### Input records
........

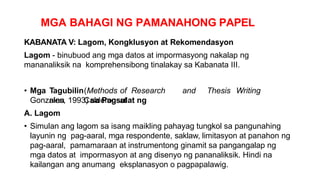 MGA BAHAGI NG PAMANAHONG PAPEL
KABANATA V: Lagom, Kongklusyon at Rekomendasyon
Lagom - binubuod ang mga datos at impormasyong nakalap ng
mananaliksik na komprehensibong tinalakay sa Kabanata III.
• Mga Tagubilin(Methods of Research and Thesis Writing
nina Calderon at
Gonzales, 1993) sa Pagsulat ng
A. Lagom
• Simulan ang lagom sa isang maikling pahayag tungkol sa pangunahing
layunin ng pag-aaral, mga respondente, saklaw, limitasyon at panahon ng
pag-aaral, pamamaraan at instrumentong ginamit sa pangangalap ng
mga datos at impormasyon at ang disenyo ng pananaliksik. Hindi na
kailangan ang anumang eksplanasyon o pagpapalawig.
 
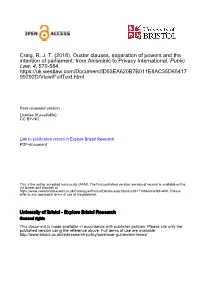 Craig, R. J. T. (2018). Ouster Clauses, Separation of Powers and the Intention of Parliament: from Anisminic to Privacy International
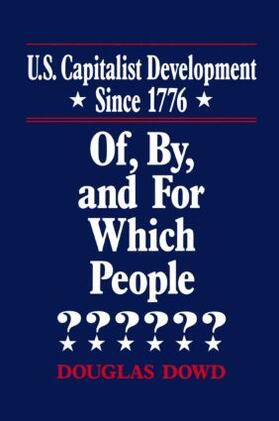 Dowd |  US Capitalist Development Since 1776: Of, by and for Which People? | Buch |  Sack Fachmedien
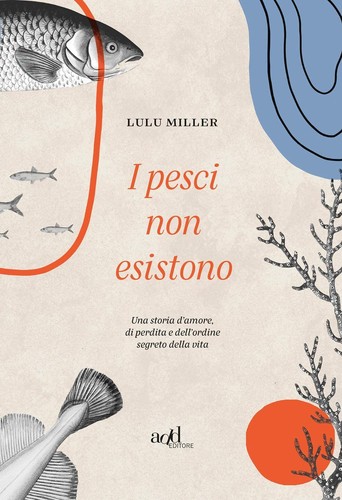 I pesci non esistono (Italian language, 2020, ADD Editore)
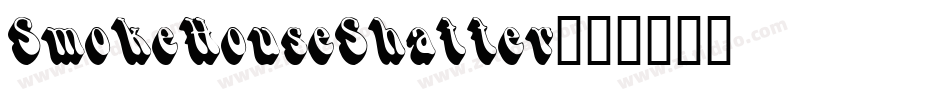 SmokeHouseShatter字体转换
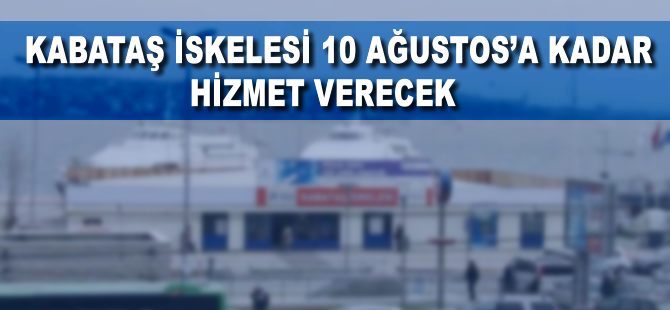 Kabataş'taki vapur iskeleleri 10 Ağustos'a kadar hizmet verecek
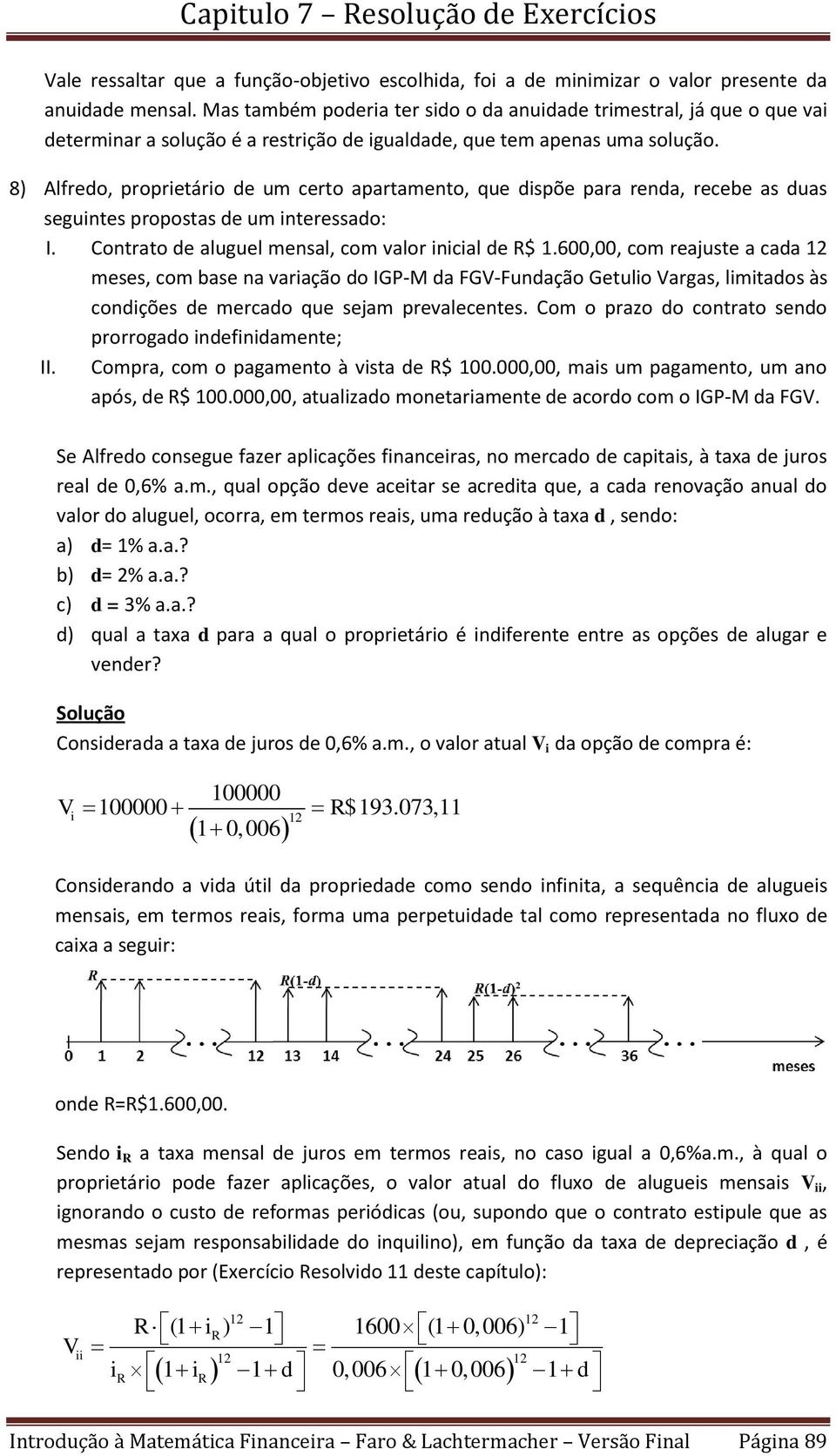 8) Alfredo, propretáro de u certo apartaeto, que dspõe para reda, recebe as duas segutes propostas de u teressado: I. Cotrato de aluguel esal, co valor cal de R$ 1.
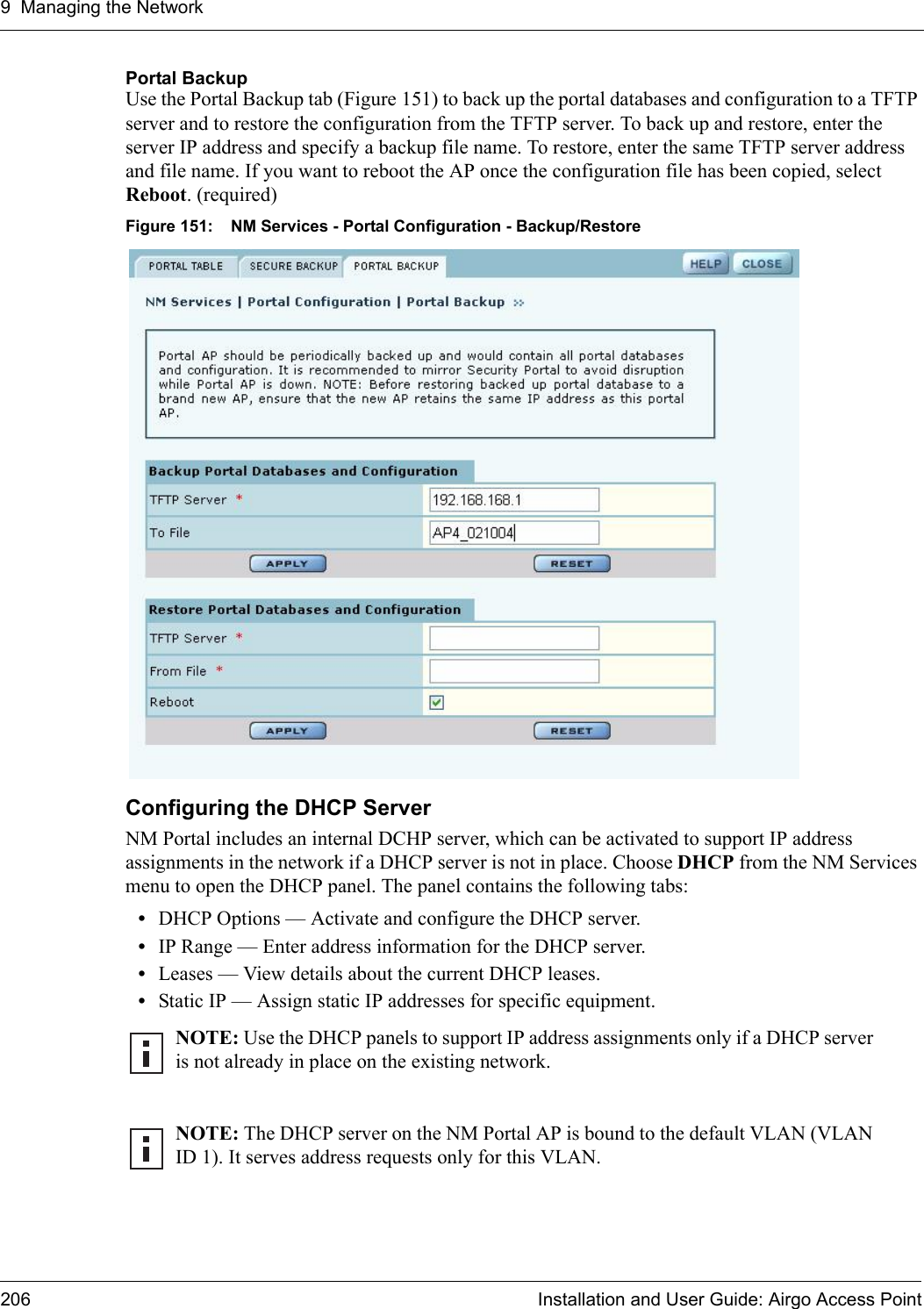 9 Managing the Network206 Installation and User Guide: Airgo Access PointPortal Backup Use the Portal Backup tab (Figure 151) to back up the portal databases and configuration to a TFTP server and to restore the configuration from the TFTP server. To back up and restore, enter the server IP address and specify a backup file name. To restore, enter the same TFTP server address and file name. If you want to reboot the AP once the configuration file has been copied, select Reboot. (required)Figure 151: NM Services - Portal Configuration - Backup/RestoreConfiguring the DHCP ServerNM Portal includes an internal DCHP server, which can be activated to support IP address assignments in the network if a DHCP server is not in place. Choose DHCP from the NM Services menu to open the DHCP panel. The panel contains the following tabs:•DHCP Options — Activate and configure the DHCP server.•IP Range — Enter address information for the DHCP server.•Leases — View details about the current DHCP leases.•Static IP — Assign static IP addresses for specific equipment.NOTE: Use the DHCP panels to support IP address assignments only if a DHCP server is not already in place on the existing network.NOTE: The DHCP server on the NM Portal AP is bound to the default VLAN (VLAN ID 1). It serves address requests only for this VLAN.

........

### Your goal
An exact reproduction of the material above is needed, without its pictures.

### Completed task
 MGA BAHAGI NG PAMANAHONG PAPEL
KABANATA V: Lagom, Kongklusyon at Rekomendasyon
Lagom - binubuod ang mga datos at impormasyong nakalap ng
mananaliksik na komprehensibong tinalakay sa Kabanata III.
• Mga Tagubilin(Methods of Research and Thesis Writing
nina Calderon at
Gonzales, 1993) sa Pagsulat ng
A. Lagom
• Simulan ang lagom sa isang maikling pahayag tungkol sa pangunahing
layunin ng pag-aaral, mga respondente, saklaw, limitasyon at panahon ng
pag-aaral, pamamaraan at instrumentong ginamit sa pangangalap ng
mga datos at impormasyon at ang disenyo ng pananaliksik. Hindi na
kailangan ang anumang eksplanasyon o pagpapalawig.
 
 Craig, R. J. T. (2018). Ouster Clauses, Separation of Powers and the Intention of Parliament: from Anisminic to Privacy International
 Dowd |  US Capitalist Development Since 1776: Of, by and for Which People? | Buch |  Sack Fachmedien
 I pesci non esistono (Italian language, 2020, ADD Editore)
 SmokeHouseShatter字体转换
 Kabataş'taki vapur iskeleleri 10 Ağustos'a kadar hizmet verecek
 8) Alfredo, propretáro de u certo apartaeto, que dspõe para reda, recebe as duas segutes propostas de u teressado: I. Cotrato de aluguel esal, co valor cal de R$ 1.
 9 Managing the Network206 Installation and User Guide: Airgo Access PointPortal Backup Use the Portal Backup tab (Figure 151) to back up the portal databases and configuration to a TFTP server and to restore the configuration from the TFTP server. To back up and restore, enter the server IP address and specify a backup file name. To restore, enter the same TFTP server address and file name. If you want to reboot the AP once the configuration file has been copied, select Reboot. (required)Figure 151: NM Services - Portal Configuration - Backup/RestoreConfiguring the DHCP ServerNM Portal includes an internal DCHP server, which can be activated to support IP address assignments in the network if a DHCP server is not in place. Choose DHCP from the NM Services menu to open the DHCP panel. The panel contains the following tabs:•DHCP Options — Activate and configure the DHCP server.•IP Range — Enter address information for the DHCP server.•Leases — View details about the current DHCP leases.•Static IP — Assign static IP addresses for specific equipment.NOTE: Use the DHCP panels to support IP address assignments only if a DHCP server is not already in place on the existing network.NOTE: The DHCP server on the NM Portal AP is bound to the default VLAN (VLAN ID 1). It serves address requests only for this VLAN.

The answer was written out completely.